Mrs. Drelmer suddenly betrayed signs of excitement. She sat up straight in the wicker deck-chair, glanced down a column of her newspaper, and then looked up.

Mauburn's head appeared out of the cabin's gloom. He was still speaking to some one below. Mrs. Drelmer rattled the paper and waved it at him. He came up the stairs.

"What's the row?"

"Read it!"

He took the paper and glanced at the headlines. "I knew she'd do it. A chap always comes up with something of that sort, and I was beginning to feel so chippy!" He read:

"London, July 30th.—Lord Casselthorpe to-day wed Miss 'Connie' Burke, the music-hall singer who has been appearing at the Alhambra. The marriage was performed, by special license, at St. Michael's Church, Chester Square, London, the Rev. Canon Mecklin, sub-dean of the Chapel Royal, officiating. The honeymoon will be spent at the town-house of the groom, in York Terrace. Lord Casselthorpe has long been known as the blackest sheep of the British Peerage, being called the 'Coster Peer' on account of his unconventional language, his coarse manner, and slovenly attire. Two years ago he was warned off Newmarket Heath and the British turf by the Jockey Club. He is eighty-eight years old. The bride, like some other lights of the music-hall who have become the consorts of Britain's hereditary legislators, has enjoyed considerable ante-nuptial celebrity among the gilded youth of the metropolis, and is said to have been especially admired at one time by the next in line of this illustrious family, the Hon. Cecil G.H. Mauburn.

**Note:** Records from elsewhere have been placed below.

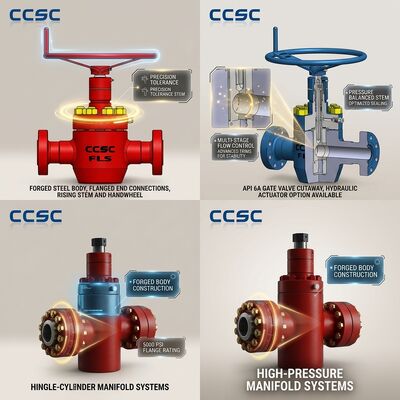 Hydraulic Actuated API 6A Pressure Seal Gate Valve, Forged Steel FLS Through Conduit 10000psi Remote Wellhead Control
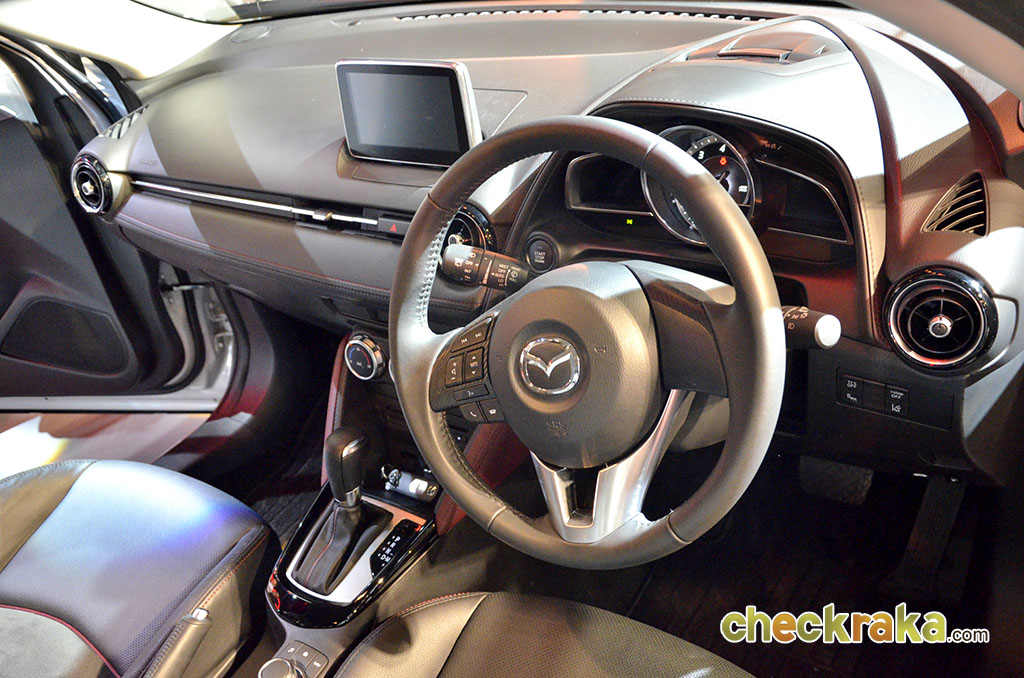 Mazda CX-3 1.5 XDL มาสด้า ซีเอ็กซ์-3 ปี 2017 : ภาพที่ 14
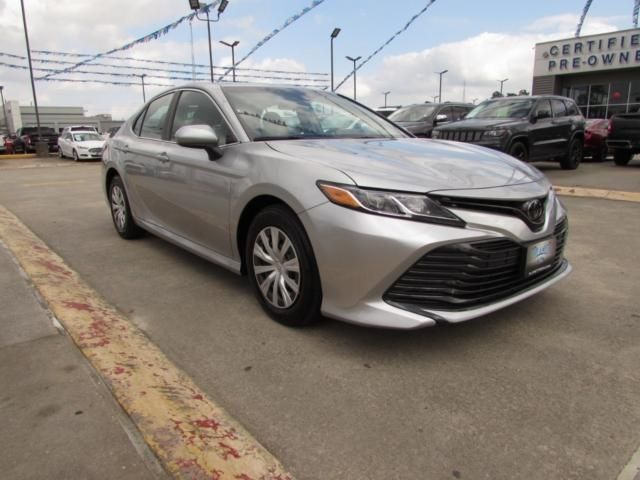  2018 Toyota Camry L For Sale Specifications, Price and Images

"The Hon. Cecil G. H. Mauburn, mentioned in the above cable despatch, has been rather well-known in New York society for two years past. His engagement to the daughter of a Montana mining magnate, not long deceased, has been persistently rumoured."

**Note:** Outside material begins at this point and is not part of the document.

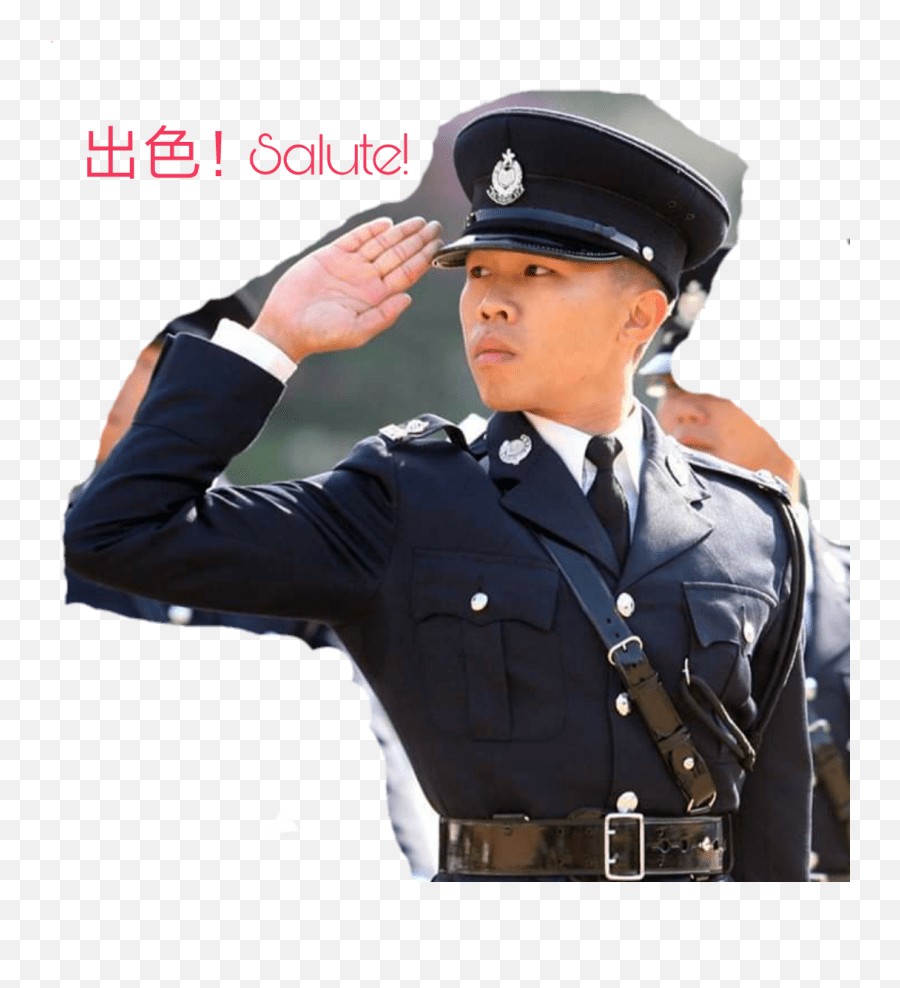 Sir Sticker By Philip Emoji,Military Salute Emoji free transparent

Mauburn was pale under his freckles.

"Have they seen it yet?"

"I don't think so," she answered. "We might drop these papers over the rail here."

"That's rot, Mrs. Drelmer; it's sure to be talked of, and anyway I don't want to be sneaky, you know."

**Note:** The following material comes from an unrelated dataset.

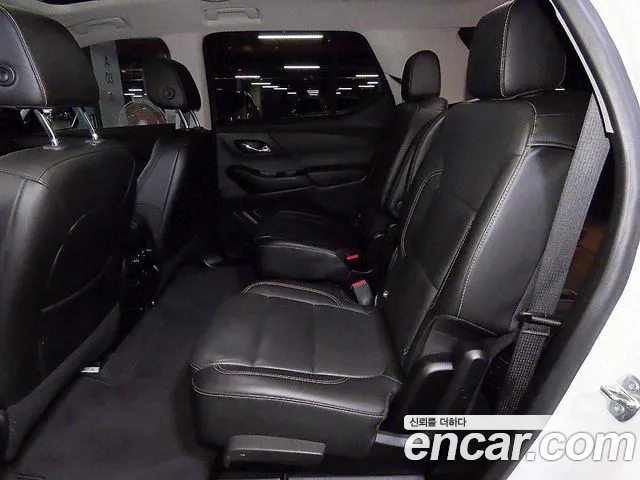 Chevrolet (GM Daewoo) Traverse id 2673845 из Кореи 8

Percival came up from the cabin with a paper in his hand.

"I see you have it, too," he said, smiling. "Burman just handed me this."

"Isn't it perfectly disreputable!" exclaimed Mrs. Drelmer.

"Why? I only hope I'll have as much interest in life by the time I'm that age."

"But how will your sister take it?" asked Mauburn; "she may be afraid this will knock my title on the head, you know."

"Oh, I see," said Percival; "I hadn't thought of that."

"Only it can't," continued Mauburn. "Hang it all, that blasted old beggar will be eighty-nine, you know, in a fortnight. There simply can't be any issue of the marriage, and that—that blasted—"

"Better not try to describe her—while I'm by, you know," said Mrs. Drelmer, sympathetically.

"Well—his wife—you know, will simply worry him into the grave a bit sooner, I fancy—that's all can possibly come of it."

"Well, old man," said Percival, "I don't pretend to know the workings of my sister's mind, but you ought to be able to win a girl on your own merits, title or no title."

"Awfully good of you, old chap. I'm sure she does care for me."

"But of course it will be only fair to sis to lay the matter before her just as it is."

"To be sure!" Mauburn assented.

"And now, thank the Lord, we're under way. Doesn't that breeze save your life, though? We'll eat here on deck."

TheVilucaswung into mid-stream, and was soon racing to the north with a crowded Fall River boat.

"But anyway," concluded Percival, after he had explained Mauburn's position to his sister, "he's a good fellow, and if you suit each other even the unexpected wouldn't make any difference."

"Of course not," she assented, "'the rank is but the guinea's stamp,' I know—but I wasn't meaning to be married for quite a time yet, anyway,—it's such fun just being engaged."

"A mint julep?" Mauburn was inquiring of one who had proposed it. "Does it have whiskey in it?"

"It does," replied Percival, overhearing the question; "whiskey may be said to pervade, even to infest it. Try five or six, old man; that many make a great one-night trouble cure. And I can't have any one with troubles on this Cunarder—not for the next thirty days. I need cheerfulness and rest for a long time after this day in town. Ah! General Hemingway says that dinner is served; let's be at it before the things get all hot!"